Jason L Tibbitts III wrote:
>>>>>> "BS" == Ben Smithurst <ben@scientia.demon.co.uk> writes:
>
> BS> If the file specified by require_files (i.e. the list's base directory)
> BS> doesn't exist, the director will simply be ignored and the address
> BS> passed on to the next, in the normal Exim way.
>
> This is kind of cute. It hardcodes in some specific intelligence of how
> Mj2 stores its lists, though, which seems vaguely nasty.
It also has one more serious problem: case sensitivity. If this list
were named majordomo-workers on the server, and I addressed it to
Majordomo-Workers, it wouldn't see that list. That isn't technically a
problem, since local-parts _are_, by definition, case sensitive, but it
would likely cause a lot of unexpected surprises.
> Is it possible to call a program and use the return value to determine
> whether or not the director succeeded? I'm basically trying to mirror the
> qmail support here; we get the address we're being called at from the
> command line or the environment and we figure out if the address is one of
> ours.
Hmm... There is a queryprogram router which does something like that,
but routers only deal with remote addresses. Something similar, if not
better, should be possible though, since recent Exim versions can have a
built in Perl interpreter. This isn't compiled in by default though, and
may mean folk have to recompile Exim with this support, and also means
they have to be using a fairly recent version of Exim.

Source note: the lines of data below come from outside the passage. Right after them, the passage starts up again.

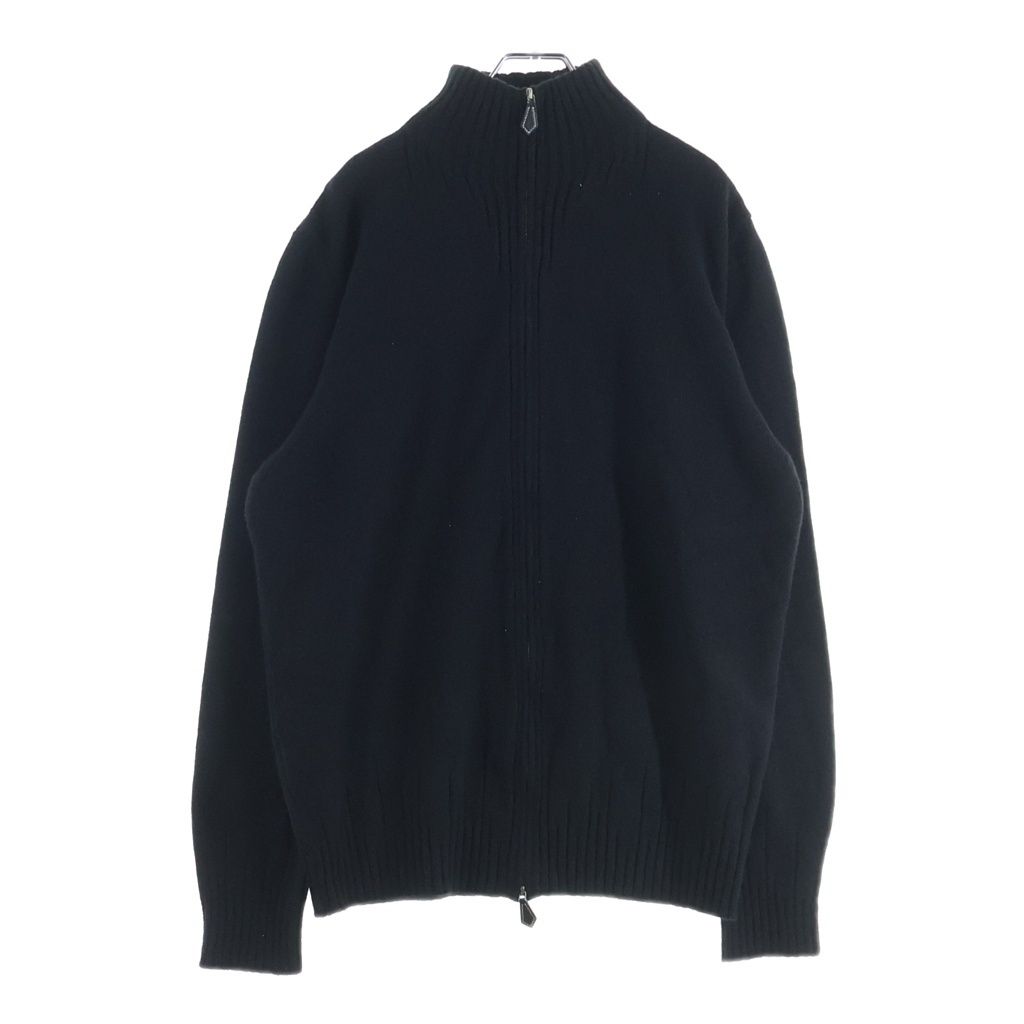 HERMES (エルメス) フルジップ ニットセーター ブラック #M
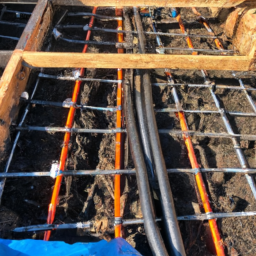 Construction d'une Fondation en Béton Armé pour un Bâtiment Durable Granville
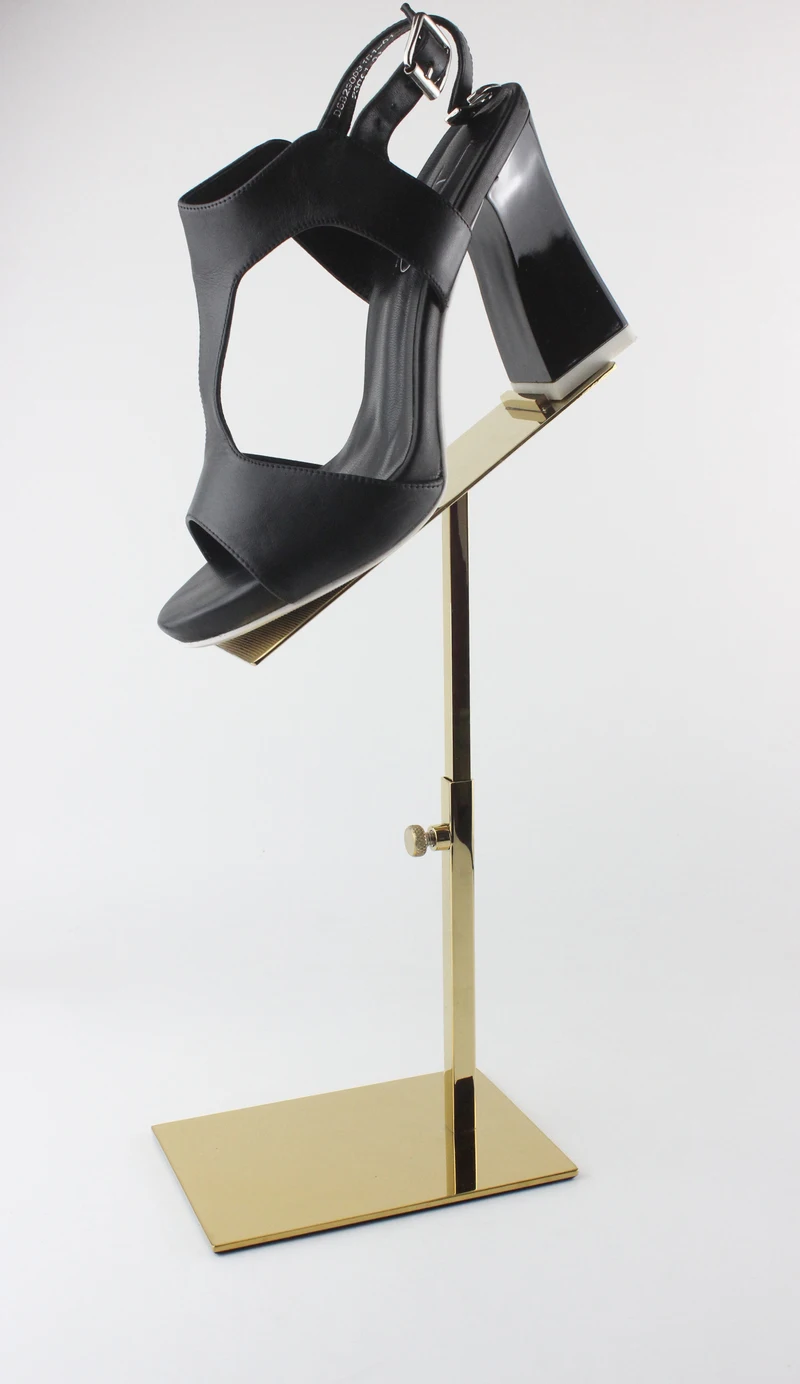 Metal Polished Gold Shoe Display Stand Shoe Riser Stand shoe Bracket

This would mean you could use a condition like:
condition = ${perl{Mj::Exim::check_list}{$local_part}{$domain}}
on the director, which would call the check_list() function (whatever
you may call it), with the expanded value of $local_part as its first
argument, $domain as its second. If check_list() returns 1 (or anything
other than 0, "no", or "false"), it is assumed to be a valid list,
otherwise it is not. (Returning undef would probably not be a good idea,
since Exim assumes something has gone wrong and defers the message.) If
it is a valid list, the message is passed to the specified transport for
piping into Majordomo itself.
The other bit of configuring which Exim would need would be to pull
in the check_list() routine. That would be specified using something
something like
perl_startup = use lib "/home/mj2/lib"; use Mj::Exim
or whichever modules might be used. I created a very simple Mj::Exim
module to test it,
package Mj::Exim;
sub check_list {
# assumes $list and $domain aren't "0" -- not likely.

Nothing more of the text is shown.